O Ministério do Exército não
foi complacente e antecipou a chamada do jovem, colocando-o como Oficial
miliciano em Mafra, depois na Ilha Terceira, nos Açores, posteriormente em
Santa Margarida e, por fim, assumindo grandes responsabilidades, é enviado para
a Guiné Bissau. Quando lhe foi retirado o serviço militar obrigatório, ao fim
de vários anos, voluntariou-se para o Regimento de Infantaria nº 5, em Caldas
da Rainha e, ao término, aceitou realizar uma Comissão de Serviço, em Luanda, no
Quartel-General da Região Militar, até ao Dia da Independência de Angola.
Depois da estadia em África,
seguiram-se sete anos de Brasil (1975-1982), em vida prática.
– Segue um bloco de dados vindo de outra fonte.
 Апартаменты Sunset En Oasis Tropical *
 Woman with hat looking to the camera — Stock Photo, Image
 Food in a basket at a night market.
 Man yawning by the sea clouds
Depois desta,
retorna a Portugal, onde, entre outras atividades, reinicia o Curso de Direito,
concluído em cinco anos.
Hermínio Maçãs doou muito de
seu tempo a causas sociais e culturais, sempre de coração aberto e sem
interesses. Chegou, inclusive, a exercer dois mandatos, pelo Partido
Socialista, como presidente da Junta de Freguesia de Santo Onofre, em Caldas da
Rainha (recusando vencimento mensal, dividindo-o pelos outros componentes da
Junta), além de ter sido, no ano de 2001, candidato à presidência da Câmara
Municipal da mesma cidade.
Foi um dedicado maestro de três
grupos corais (sem auferir vencimento) e, por estar sempre próximo da religião
católica, ajudou desinteressadamente, a organizar missas e inúmeras solenidades
promovidas pelos católicos, por todo o concelho.
A 19 de setembro, um caudal humano
o acompanhou à sua última morada. Com certeza, todos, ali estavam em
retribuição pelo bem que dele receberam. Celebrava-se, portanto, a Amizade.
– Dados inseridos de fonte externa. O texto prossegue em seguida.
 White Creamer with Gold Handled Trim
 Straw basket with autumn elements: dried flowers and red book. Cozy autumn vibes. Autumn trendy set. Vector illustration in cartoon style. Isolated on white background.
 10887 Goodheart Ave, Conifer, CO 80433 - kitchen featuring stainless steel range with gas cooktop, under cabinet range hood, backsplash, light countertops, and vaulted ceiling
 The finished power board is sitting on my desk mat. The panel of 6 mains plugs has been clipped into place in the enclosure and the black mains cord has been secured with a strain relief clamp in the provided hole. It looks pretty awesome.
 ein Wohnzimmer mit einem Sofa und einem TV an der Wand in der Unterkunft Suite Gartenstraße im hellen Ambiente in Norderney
Quando, naquele derradeiro
momento, coloquei em seu ombro a sua toga, deixei ali ficar também a possibilidade
de voltar a ouvir os seus ensinamentos de Música e Latim, a sua crítica
construtiva, o seu voto de confiança, e a sua objetividade e clareza perante o
deslumbre que é a Vida.
Se um dia, após a minha morte,
perguntarem quem fui, podem ter certeza que se dirá: “Era, com muito orgulho,
sobrinho de Hermínio Maçãs”!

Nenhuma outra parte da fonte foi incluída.